This topic describes the frequent pattern statistical function that you can use to mine representative combinations of attributes from the specified multi-attribute field samples to summarize the current logs.

pattern_stat

Function format:
select pattern_stat(array[col1, col2, col3], array['col1_name', 'col2_name', 'col3_name'], array[col5, col6], array['col5_name', 'col6_name'], support_score, sample_ratio) 
The following table lists the parameters of the function.
Parameter Description Value
array[col1, col2, col3] The input columns of character type values. The values are in array format. Example: array[clientIP, sourceIP, path, logstore].
array['col1_name', 'col2_name', 'col3_name'] The names corresponding to the input columns of character type values. The values are in array format. Example: array['clientIP', 'sourceIP', 'path', 'logstore'].
array[col5, col6] The input columns of numeric values. The values are in array format. Example: array[Inflow, OutFlow].
array['col5_name', 'col6_name'] The names corresponding to the input columns of numeric values.
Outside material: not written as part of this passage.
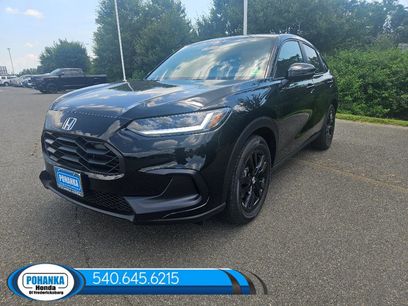 New 2026 Honda HR-V Sport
The values are in array format. Example: array['Inflow', 'OutFlow']
support_score The support level of the sample in pattern mining. The value is of the double data type. Valid values: (0,1].
sample_ratio The sampling ratio. The default value is 0.1, which indicates that only 10% of the total samples are used. The value is of the double data type. Valid values: (0,1].
Example
  • The query statement is as follows:
    * | select pattern_stat(array[ Category, ClientIP, ProjectName, LogStore, Method, Source, UserAgent ], array[ 'Category', 'ClientIP', 'ProjectName', 'LogStore', 'Method', 'Source', 'UserAgent' ], array[ InFlow, OutFlow ], array[ 'InFlow', 'OutFlow' ], 0.45, 0.3) limit 1000
  • Output result

The following table lists the display items.
Display item Description
count The number of samples that conform to the current pattern.
support_score The support level of the current pattern.
pattern The content of the current pattern, which is organized in the format of conditional queries.